Dicevo che il 1988 – cioè ben 21 anni fa – è la data della prima edizione “ufficiale”. Cosa voglia dire ce lo spiega lo stesso Prof. Cipolla, state bene a sentire.

“(I due testi che compongono l’operetta) furono originariamente pubblicati anni addietro – rispettivamente nel 1973 e nel 1976 – in lingua inglese e in edizione riservata per soli amici. I due saggi ebbero però un insperato successo e mentre talune persone cercarono di procurarsene copia tramite amici e conoscenti, altri più intraprendenti ne fecero copie xero-grafiche o addirittura manoscritte che circolarono più o meno clandestinamente. Il fenomeno assunse proporzioni tali che l’editrice il Mulino ed il sottoscritto finalmente decisero di procedere ad una edizione ufficiale e pubblica che qui si presenta…”.

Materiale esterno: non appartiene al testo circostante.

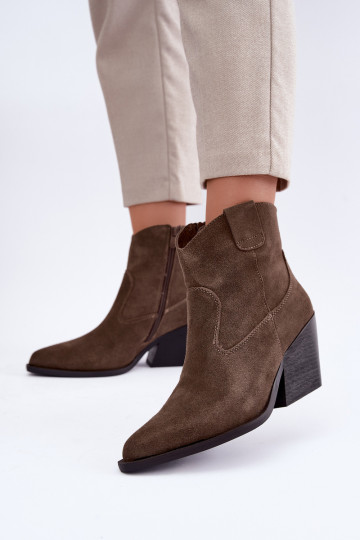 Haut INildlederschuhe CoZuboy-Stil mit Absätzen sich Zuarm laufen Khaki-Farbe Tirabelle 2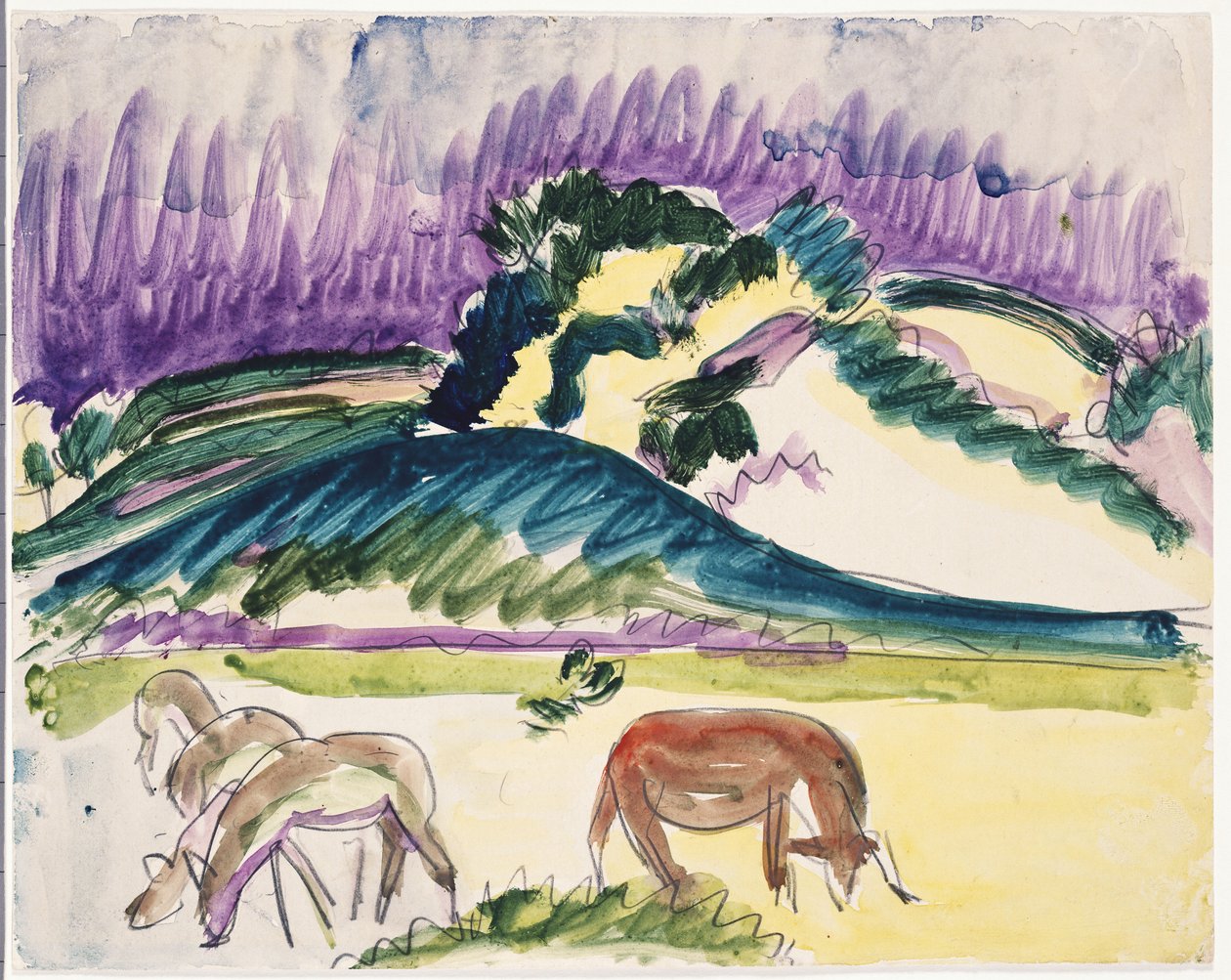 Tehenek a legelőn a dűnék mellett, 1913 alkotó: Ernst Ludwig Kirchner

Mi colpisce quel “più intraprendenti” riferito al fenomeno della circolazione clandestina! Cosa direbbe, oggi, il Prof. Cipolla, se scoprisse che il suo testo è scaricabile da qualsiasi torrent, chiudendo il cerchio del suo esordio clandestino “in rete”? Ne sarebbe dispiaciuto?
Di certo lo sarebbe il suo editore, che dedica ben 6 righe del colophon a scandire:
“Tutti i diritti sono riservati. Nessuna parte di questa pubblicazione può essere fotocopiata, riprodotta, archiviata,memorizzata o trasmessa in qualsiasi forma o mezzo – elettronico, meccanico, reprografico, digitale – se non nei termini previsti dalla legge che tutela il
Diritto d’Autore ( le maiuscole sono originali, ndr). Per altre informazioni si veda il sito www.mulino.it/edizioni/fotocopie“.

Francamente, sembra più Diritto d’Editore (con le maiuscole) che non Diritto d’Autore, che ve ne pare?
Possibile che non sia passato per la testa all’editore bolognese che, forse, avrebbe potuto far circolare il capolavoro di Cipolla in PDF – beninteso protetto ! – o farlo scaricare in streaming dalla sua piattaforma, facendolo pagare solo 2,64 € (diconsi due euro e 64 centesimi) invece dei misteriosi 8,80 € ?
Come vengono fuori i 2,64 €? Semplice: togliete dal prezzo di copertina il 50% di costi distributivi e il 20% di costi industriali, et voila! il miracolo della riduzione del prezzo di copertina è compiuto. Quanto guadagna il Prof. Cipolla sul suo delizioso libricino cartaceo? Diciamo il 10%? Dunque 0,88 centesimi a copia. Bene, lasciamogleli pure. Il Mulino guadagnerebbe la stessa identica cifra per le due versioni, ma i lettori avrebbero risparmiato il 70% …!

  mario guaraldi

Mario Guaraldi è il fondatore dell'omonima casa editrice. Dal 1998 inizia a trasferire tutta l'attività editoriale in rete e dal 2004 è docente presso la Facoltà di Sociologia dell'Università di Urbino per il corso di laurea in Editoria, Media e Giornalismo.